> Data for this exercise
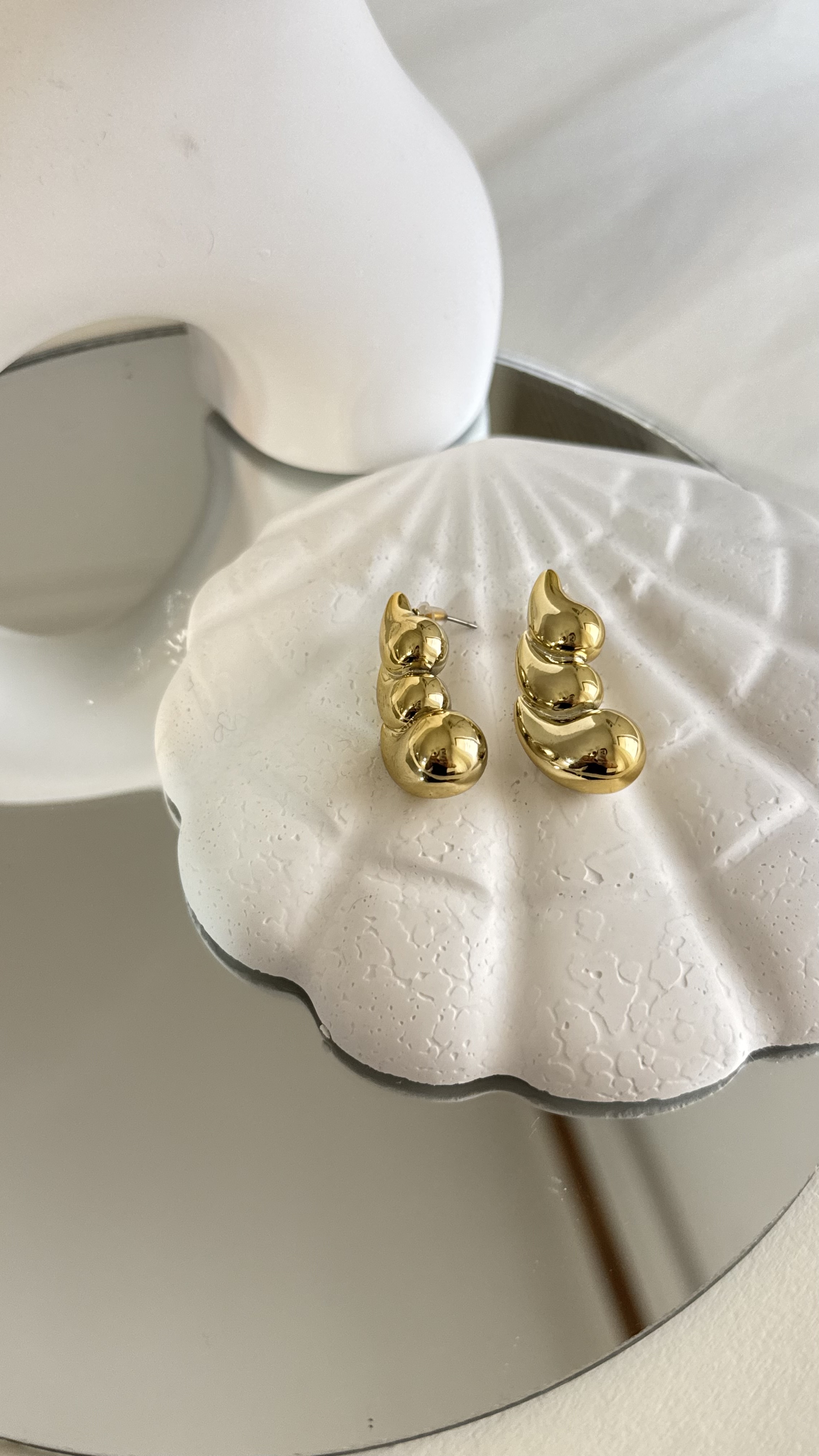 گوشواره اشکی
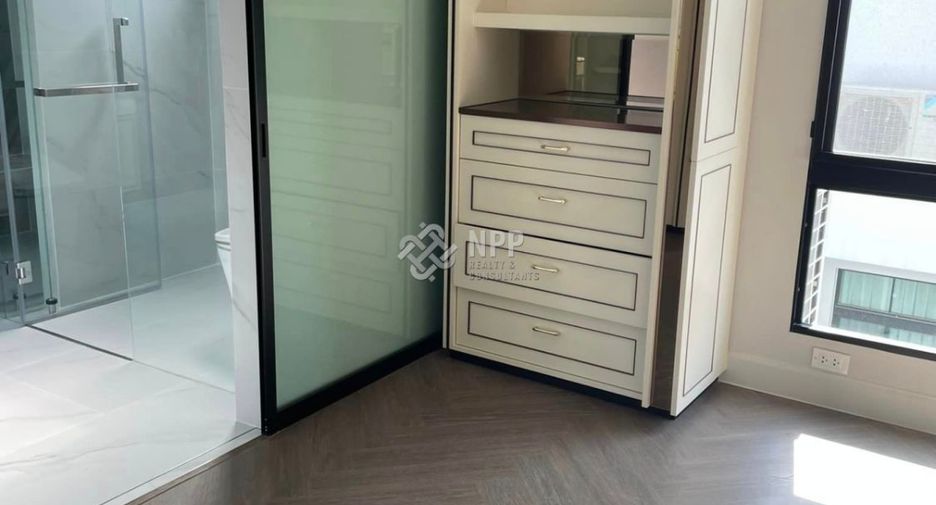 Haus zum Kauf mit 5 Zimmer in Saphan Sung, Bangkok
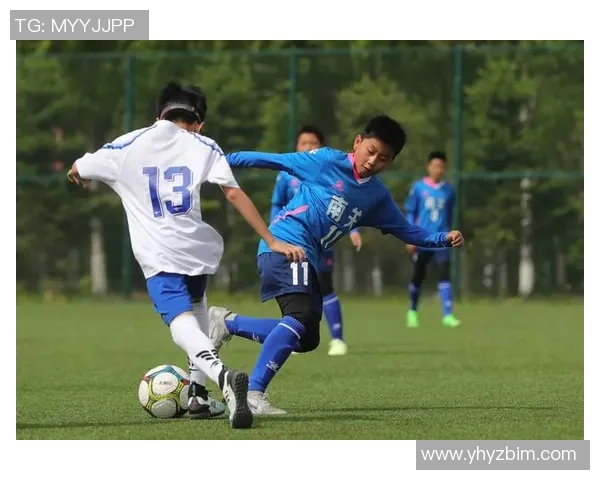 马汉政足球：探索中国足球的新机遇与挑战，助力青少年成长与发展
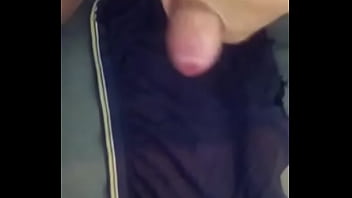 Preview 2 of Merits The Meaty - Cruzeirense batendo punheta e gozando muito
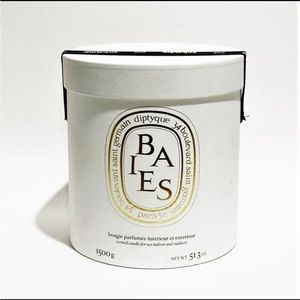 BAIES / BERRIES CANDLE 1,5KG
Family: Fruity
Made in France

Best-seller
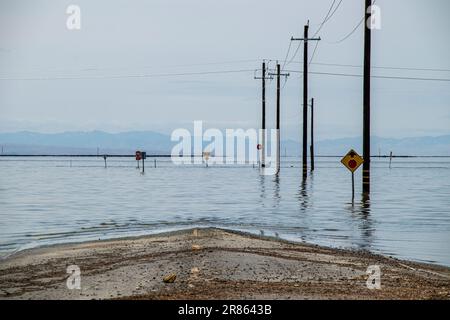 Extrémités de route inondées. Le lac Tulare, situé dans la vallée centrale de la Californie, a été pendant des décennies un lac sec, mais est revenu à la vie après les grandes pluies d Banque D'Images
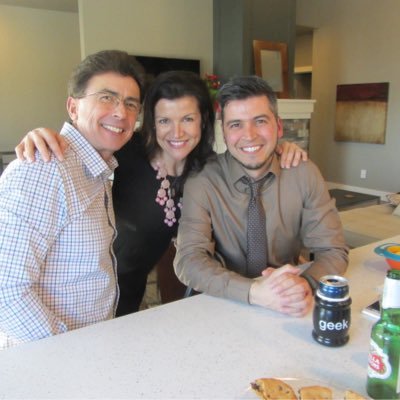 helmetthead's profile picture. Got any projects?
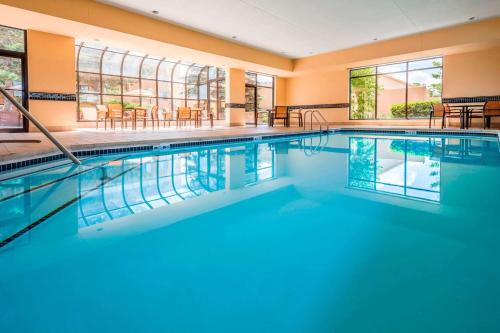 Sonesta Select Kansas City South Overland Park - image 10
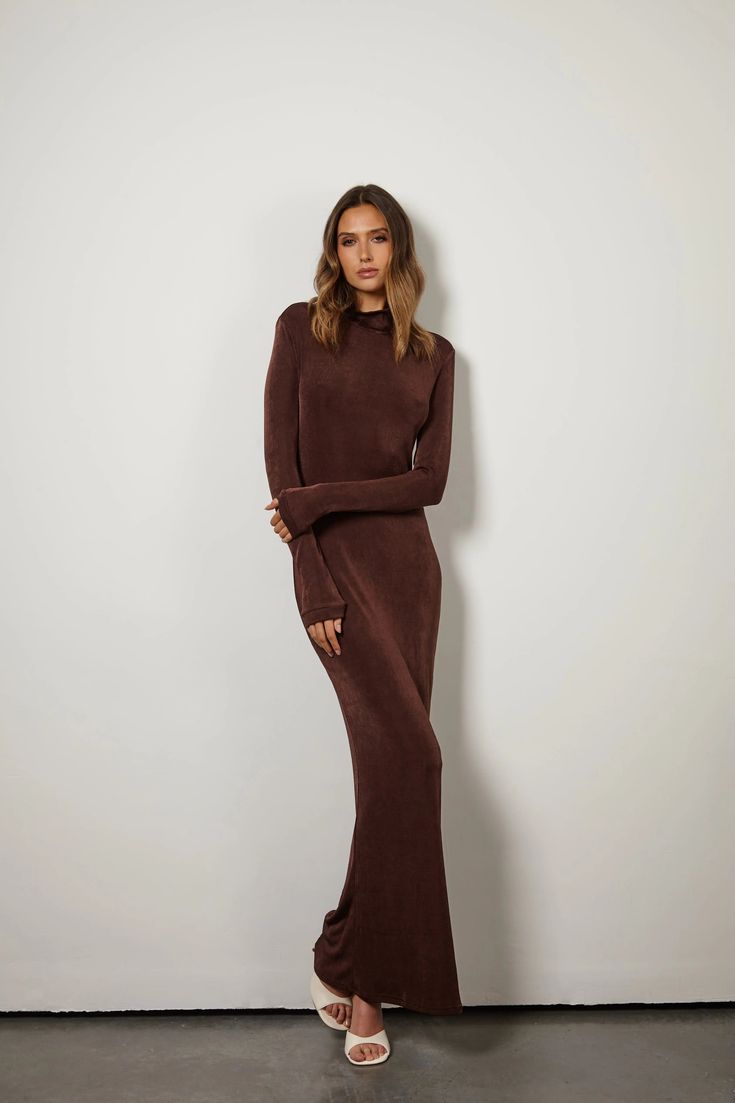 ALB Everyday - Golden Brown Dress - Anne Louise Boutique Golden Brown Dress, Dress Code For Women, Brown Evening Dresses, Brown Dresses Formal, Brown Long Sleeve Dress, Brown Maxi Dresses, Fall Wedding Guest Dress, Dressy Fashion, Dresses Xxl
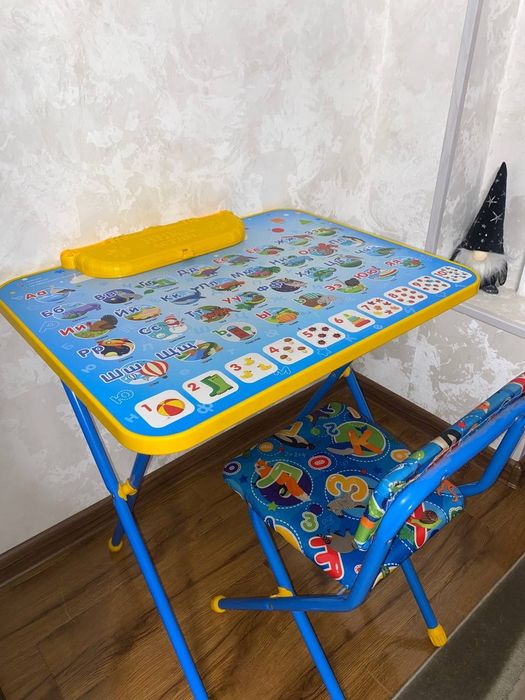Стол парта-трансформер.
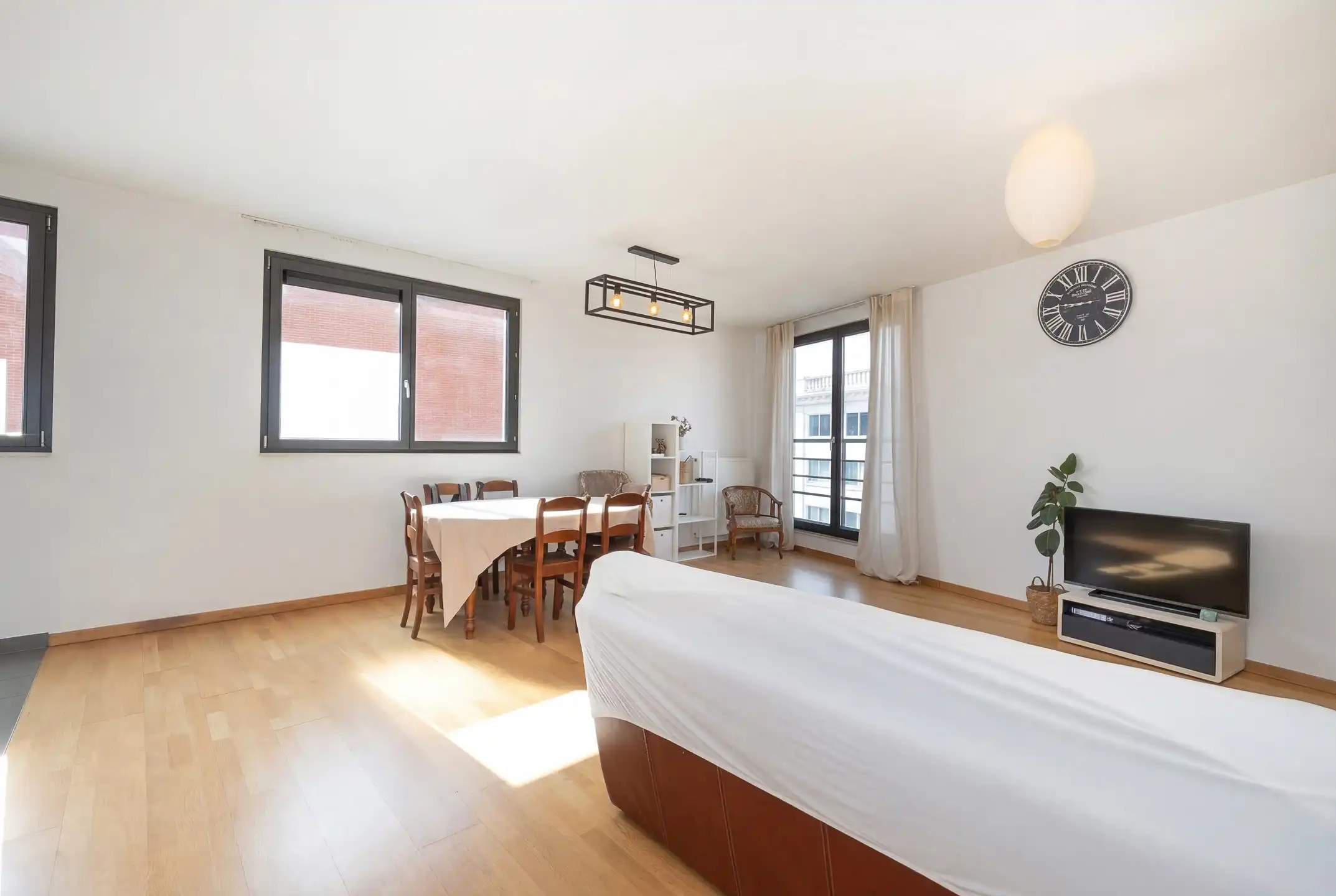 Aantrekkelijke zin Ruimte, licht en comfort in één foto 9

> Your assignment
All records should be output exactly, with the pictures left out.

> Exercise answer
 گوشواره اشکی
 Haus zum Kauf mit 5 Zimmer in Saphan Sung, Bangkok
 马汉政足球：探索中国足球的新机遇与挑战，助力青少年成长与发展
 Preview 2 of Merits The Meaty - Cruzeirense batendo punheta e gozando muito
 BAIES / BERRIES CANDLE 1,5KG
Family: Fruity
Made in France

Best-seller
 Extrémités de route inondées. Le lac Tulare, situé dans la vallée centrale de la Californie, a été pendant des décennies un lac sec, mais est revenu à la vie après les grandes pluies d Banque D'Images
 helmetthead's profile picture. Got any projects?
 Sonesta Select Kansas City South Overland Park - image 10
 ALB Everyday - Golden Brown Dress - Anne Louise Boutique Golden Brown Dress, Dress Code For Women, Brown Evening Dresses, Brown Dresses Formal, Brown Long Sleeve Dress, Brown Maxi Dresses, Fall Wedding Guest Dress, Dressy Fashion, Dresses Xxl
Стол парта-трансформер.
 Aantrekkelijke zin Ruimte, licht en comfort in één foto 9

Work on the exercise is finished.